_Aim of the task_
Would you transcribe the entries below, beginning at the line with "YouTube से Affiliate" and ending after the line with "第6话 果然还是个疯的38", exactly, with no picture and nothing more?

_Records to use_
_____

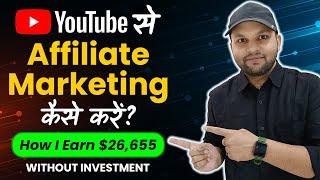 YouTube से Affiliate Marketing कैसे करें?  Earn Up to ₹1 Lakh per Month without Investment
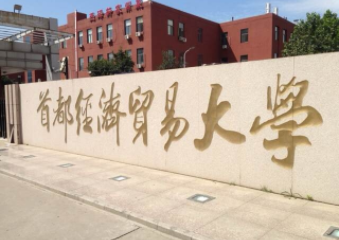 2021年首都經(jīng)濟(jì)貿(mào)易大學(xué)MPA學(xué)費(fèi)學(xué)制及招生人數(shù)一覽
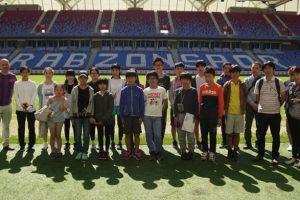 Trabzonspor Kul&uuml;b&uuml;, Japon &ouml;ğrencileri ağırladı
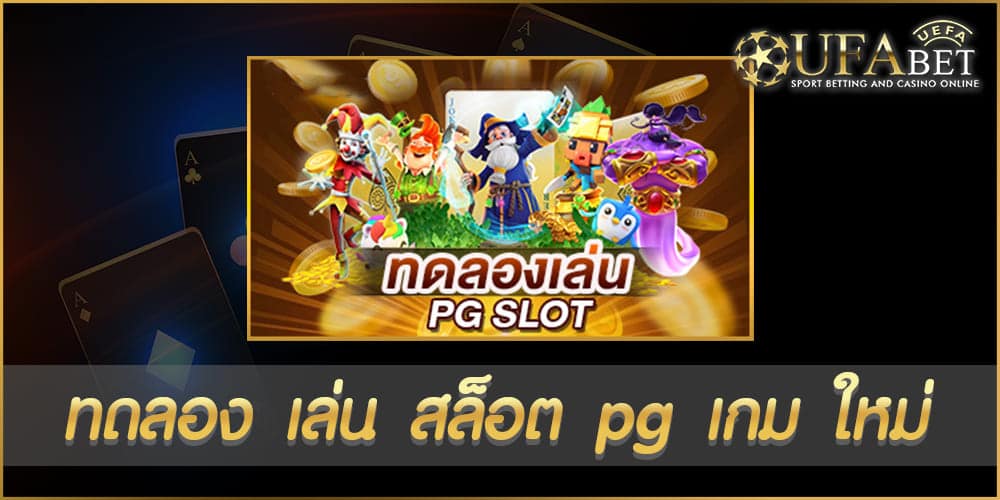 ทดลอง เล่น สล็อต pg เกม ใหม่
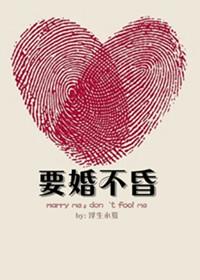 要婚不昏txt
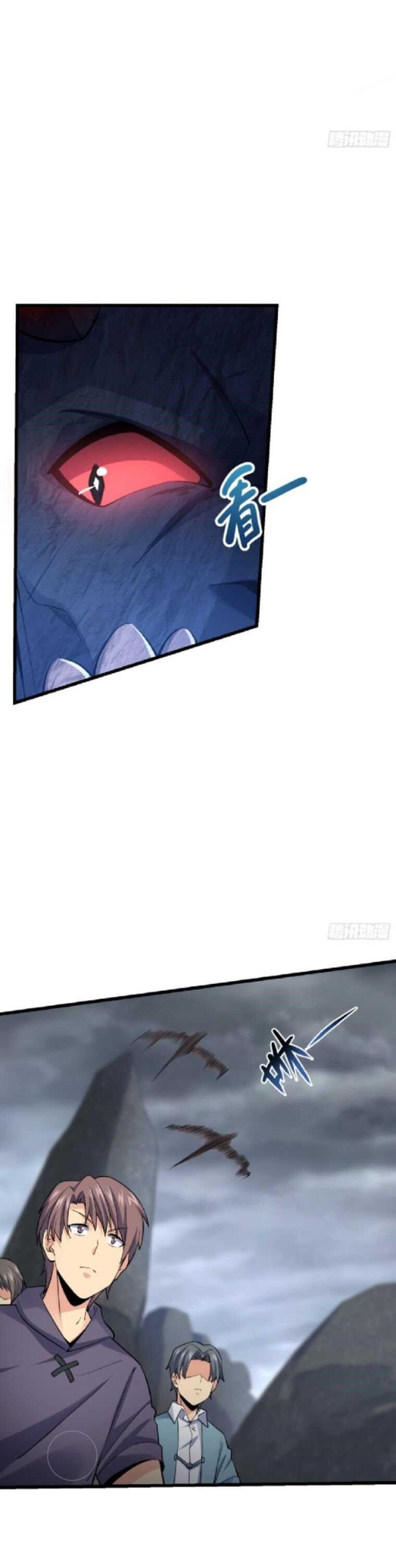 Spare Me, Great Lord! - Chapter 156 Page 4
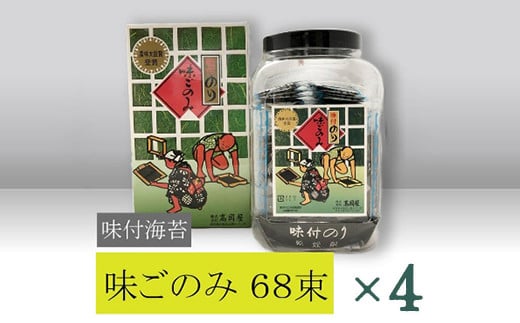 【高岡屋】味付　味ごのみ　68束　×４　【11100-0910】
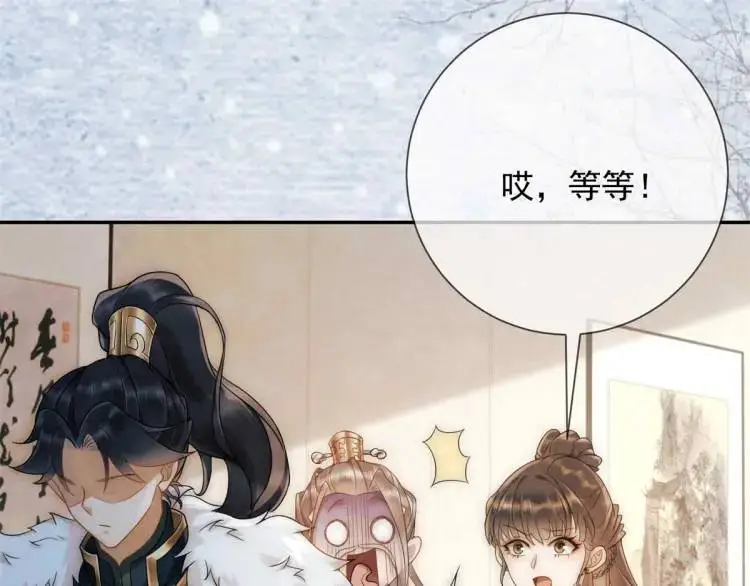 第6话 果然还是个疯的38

_____

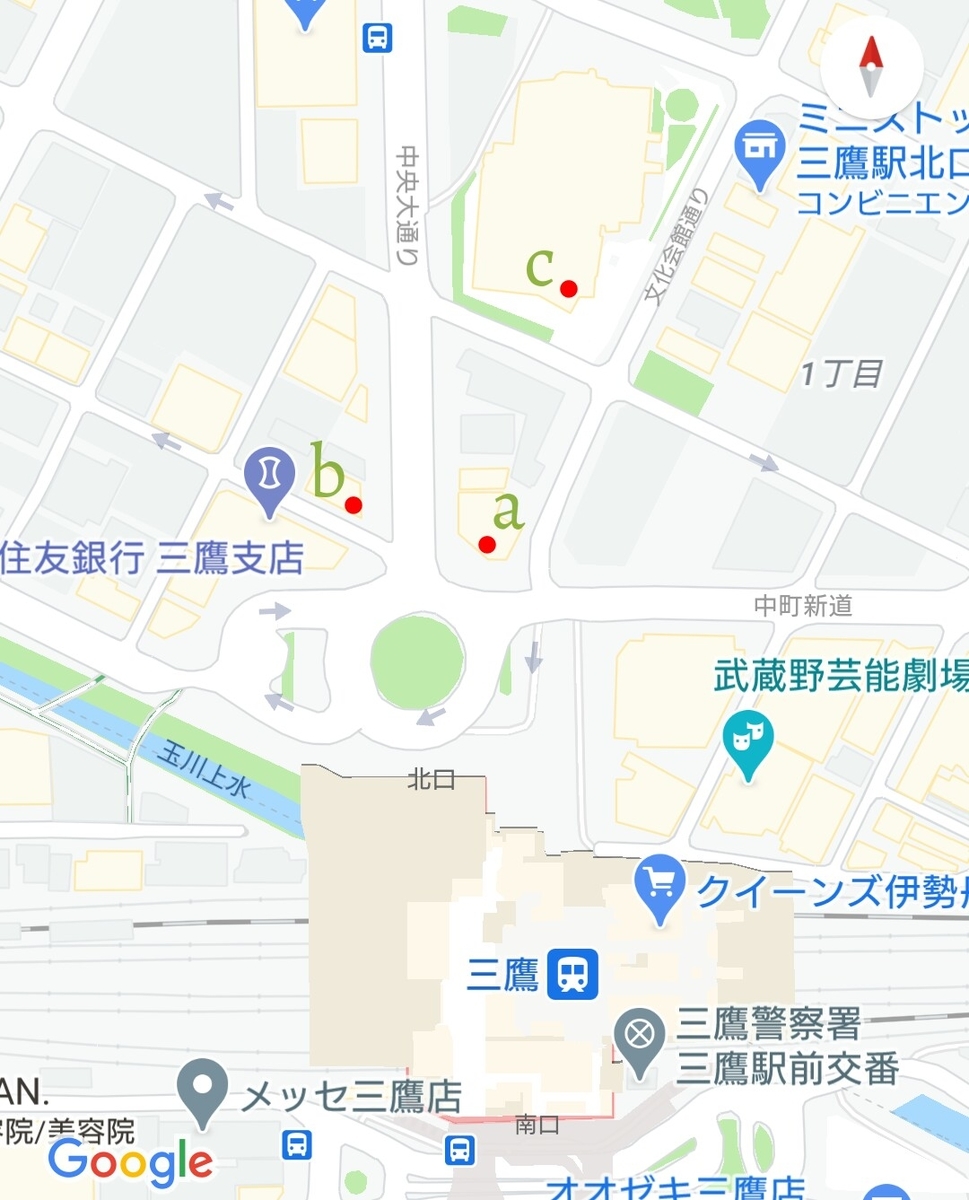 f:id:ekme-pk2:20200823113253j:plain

_____

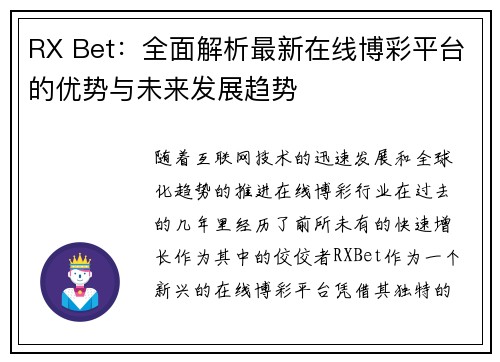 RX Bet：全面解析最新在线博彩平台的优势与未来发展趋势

_____

_Written answer_
 YouTube से Affiliate Marketing कैसे करें?  Earn Up to ₹1 Lakh per Month without Investment
 2021年首都經(jīng)濟(jì)貿(mào)易大學(xué)MPA學(xué)費(fèi)學(xué)制及招生人數(shù)一覽
 Trabzonspor Kul&uuml;b&uuml;, Japon &ouml;ğrencileri ağırladı
 ทดลอง เล่น สล็อต pg เกม ใหม่
 要婚不昏txt
 Spare Me, Great Lord! - Chapter 156 Page 4
 【高岡屋】味付　味ごのみ　68束　×４　【11100-0910】
 第6话 果然还是个疯的38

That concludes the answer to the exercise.